Valuation by Multiples
There are two common types of valuation using multiples:
Comparable transactions for privately owned companies. Using this method, the valuator first tries to find a number of comparable transactions (e.g. where companies of a similar nature were bought and sold). There are many indicators to which a business valuator can choose to value a business, including:
- Gross revenues;
- Net revenues;
- Net profit before taxes; or
- Net profit after taxes.
- EBITDA (Earnings Before Interest, Taxes, Depreciation and Amortization);
- EBIT (Earnings before Interest and Taxes);
- SDCF (Shareholder Discretionary Cash Flow);
There are also asset-based methods of valuation. It requires knowledge of the company and the context, and good judgment, to choose the most appropriate indicators, based on which to conduct the valuation. Once the indicators are chosen, there is a significant research task to select the appropriate companies that are comparable. There is seldom a perfect fit in comparing the different lines of businesses that companies conduct, their size, geographic focus, etc. Once again, it boils down to judgment from experienced analysts.

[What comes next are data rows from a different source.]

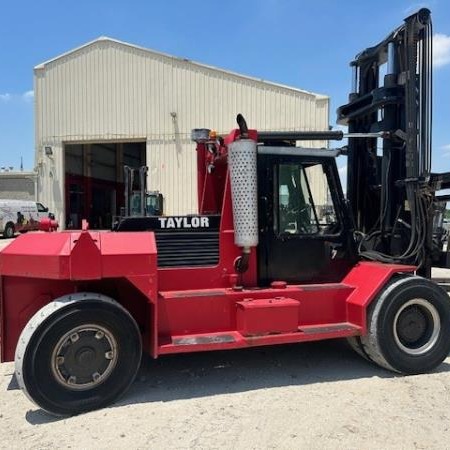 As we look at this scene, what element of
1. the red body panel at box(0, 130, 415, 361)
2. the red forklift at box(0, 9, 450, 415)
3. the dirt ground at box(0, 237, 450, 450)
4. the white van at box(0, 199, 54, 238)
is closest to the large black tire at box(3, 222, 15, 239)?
the white van at box(0, 199, 54, 238)

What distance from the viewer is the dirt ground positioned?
3.81 meters

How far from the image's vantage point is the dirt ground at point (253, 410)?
3.81 meters

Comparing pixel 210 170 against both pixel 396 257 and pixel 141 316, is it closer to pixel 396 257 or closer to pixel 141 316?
pixel 141 316

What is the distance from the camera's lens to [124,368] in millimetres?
4527

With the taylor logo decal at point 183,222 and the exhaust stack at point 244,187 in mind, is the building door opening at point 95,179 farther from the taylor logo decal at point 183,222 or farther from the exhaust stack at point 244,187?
the exhaust stack at point 244,187

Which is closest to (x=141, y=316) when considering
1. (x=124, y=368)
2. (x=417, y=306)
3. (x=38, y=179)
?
(x=124, y=368)

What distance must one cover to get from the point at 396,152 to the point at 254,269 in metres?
2.29

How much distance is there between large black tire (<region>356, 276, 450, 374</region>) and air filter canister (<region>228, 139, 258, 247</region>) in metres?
1.50

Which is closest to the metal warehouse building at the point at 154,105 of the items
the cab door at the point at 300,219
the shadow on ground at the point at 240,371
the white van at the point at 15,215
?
the white van at the point at 15,215

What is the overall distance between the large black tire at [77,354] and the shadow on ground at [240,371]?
18 cm

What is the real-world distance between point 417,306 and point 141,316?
284cm

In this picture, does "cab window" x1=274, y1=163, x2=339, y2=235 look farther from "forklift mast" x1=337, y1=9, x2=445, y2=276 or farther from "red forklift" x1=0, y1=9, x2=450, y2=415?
"forklift mast" x1=337, y1=9, x2=445, y2=276

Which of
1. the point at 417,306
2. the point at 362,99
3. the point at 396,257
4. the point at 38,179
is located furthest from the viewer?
the point at 38,179

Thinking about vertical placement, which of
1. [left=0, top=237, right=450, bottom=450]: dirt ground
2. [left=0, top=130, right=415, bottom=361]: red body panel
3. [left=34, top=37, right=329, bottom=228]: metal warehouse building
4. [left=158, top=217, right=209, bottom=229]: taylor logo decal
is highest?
[left=34, top=37, right=329, bottom=228]: metal warehouse building
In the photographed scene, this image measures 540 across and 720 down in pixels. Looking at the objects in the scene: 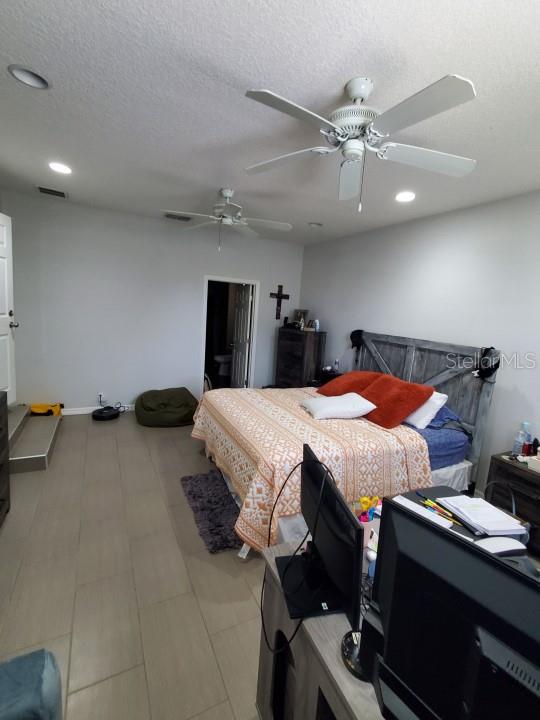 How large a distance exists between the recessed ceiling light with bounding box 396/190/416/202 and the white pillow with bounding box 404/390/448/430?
1.79 metres

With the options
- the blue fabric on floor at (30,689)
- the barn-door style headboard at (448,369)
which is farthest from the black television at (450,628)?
the barn-door style headboard at (448,369)

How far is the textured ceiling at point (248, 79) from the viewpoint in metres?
1.22

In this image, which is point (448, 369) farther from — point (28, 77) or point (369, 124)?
point (28, 77)

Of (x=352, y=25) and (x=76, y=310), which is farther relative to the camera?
(x=76, y=310)

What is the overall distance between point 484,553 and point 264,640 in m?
1.03

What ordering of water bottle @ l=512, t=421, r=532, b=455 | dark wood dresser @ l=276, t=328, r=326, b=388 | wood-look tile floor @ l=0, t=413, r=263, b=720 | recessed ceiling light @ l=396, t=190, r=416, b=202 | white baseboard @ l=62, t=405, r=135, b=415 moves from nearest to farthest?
wood-look tile floor @ l=0, t=413, r=263, b=720 < water bottle @ l=512, t=421, r=532, b=455 < recessed ceiling light @ l=396, t=190, r=416, b=202 < white baseboard @ l=62, t=405, r=135, b=415 < dark wood dresser @ l=276, t=328, r=326, b=388

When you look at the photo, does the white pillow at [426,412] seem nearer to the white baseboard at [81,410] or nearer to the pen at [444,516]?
the pen at [444,516]

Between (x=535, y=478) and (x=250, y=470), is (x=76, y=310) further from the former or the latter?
(x=535, y=478)

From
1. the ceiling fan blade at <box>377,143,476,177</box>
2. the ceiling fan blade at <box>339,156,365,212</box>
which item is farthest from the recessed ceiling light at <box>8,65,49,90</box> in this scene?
the ceiling fan blade at <box>377,143,476,177</box>

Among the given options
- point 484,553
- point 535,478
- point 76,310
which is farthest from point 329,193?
point 76,310

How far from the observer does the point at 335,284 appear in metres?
4.82

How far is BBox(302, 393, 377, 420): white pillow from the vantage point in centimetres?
282

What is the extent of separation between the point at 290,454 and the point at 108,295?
3.49 meters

For example, if one concluded from among a representative sample of indicators and transactions, that the average transaction for comparable companies was valued at a certain EBIT multiple, then this is the metric that could be used for valuing a company. Often it helps as well to have contact with investors who will share information as to what types of multiples they use.
Although the above may seem simple in theory, in practice there are numerous pitfalls. The information available is in summary form and never contains the detailed information that really sets the true value or price that a business sold for. Some of the additional information that needs to be taken into account:
How old are the comparable transactions? Market conditions may have changed since the time of the transactions.
Are the transactions truly comparable? Have truly similar or comparable companies been selected? Are the markets in which they operate truly comparable?
If EBITDA or EBIT of the company being valued contains distortions (e.g. where senior management are drawing dividends in lieu of salary), then these distortions will only be multiplied when applying a multiplier.
There may be certain “skeletons in the closet” which make the company being valued completely unsaleable, in which case any valuation is purely artificial.
Too often, people simply throw around multiples without exercising proper judgment. The fact that a multiplier is being applied means that it is also possible to multiply the extent of any error! What you put into a valuation, in terms of effort and expertise will correlate to the accuracy and degree to which you can rely on the valuation.
Publically Listed Company Comparables. Under this method, valuators look not at past transactions—but at current valuations of comparable publically listed companies, once again, typically as a multiple of their own EBITDA, EBIT or revenues, as at a particular point in time.
Once again, the above seems to be simple, but is not without pitfalls:
Are the comparable companies truly comparable?
Publically listed companies usually trade at higher multiples than smaller mid-sized private companies, as they are much more liquid, have better corporate governance, are more transparent, and usually have less risk. Hence, when valuing a private company, an appropriate discount must usually be applied to the multiple derived from public companies. Estimating the size of this discount is highly subjective and requires both experience and good judgment.